What you have to do. With all pictures omitted, return verbatim the lines from the beginning of the records below through the line containing "Chapéu Brother Faixa Verde - loja online".

Provided records.
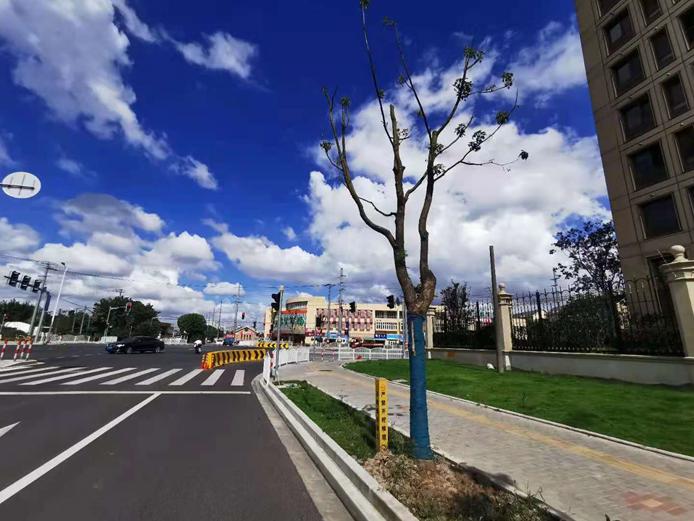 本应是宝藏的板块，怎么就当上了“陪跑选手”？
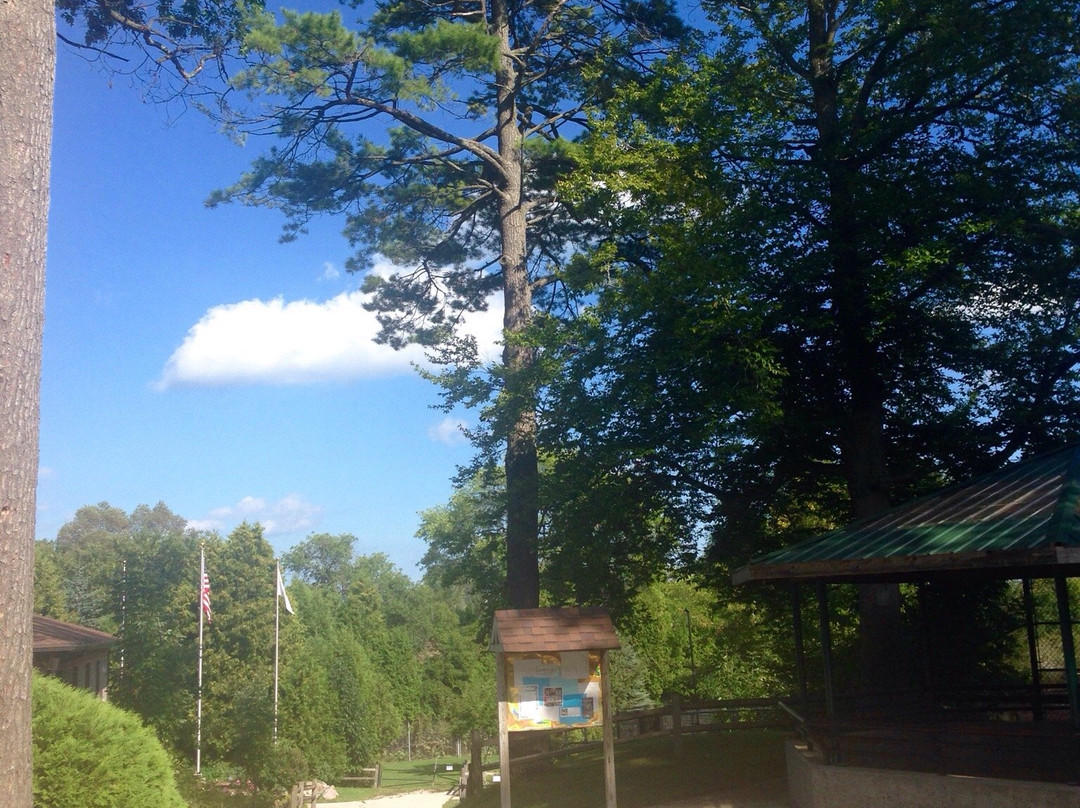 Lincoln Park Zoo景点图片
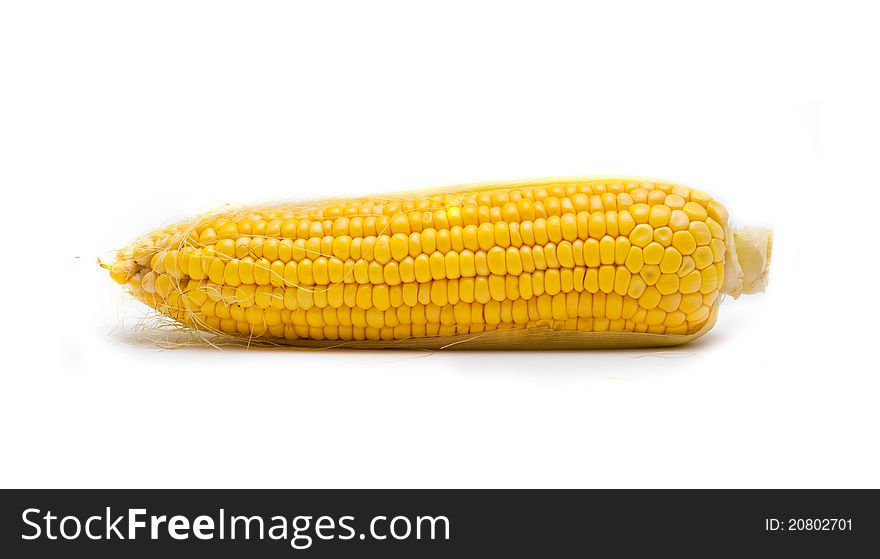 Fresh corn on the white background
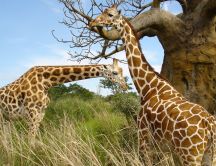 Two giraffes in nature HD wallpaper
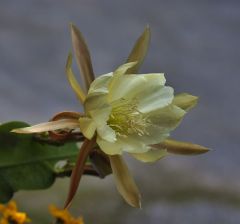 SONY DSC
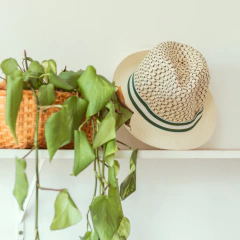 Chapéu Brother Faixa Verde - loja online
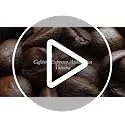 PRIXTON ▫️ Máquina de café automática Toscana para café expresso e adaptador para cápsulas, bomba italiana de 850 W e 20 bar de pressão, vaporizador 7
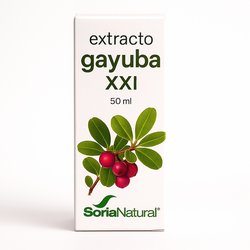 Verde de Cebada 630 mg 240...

Task response.
 本应是宝藏的板块，怎么就当上了“陪跑选手”？
 Lincoln Park Zoo景点图片
 Fresh corn on the white background
 Two giraffes in nature HD wallpaper
 SONY DSC
 Chapéu Brother Faixa Verde - loja online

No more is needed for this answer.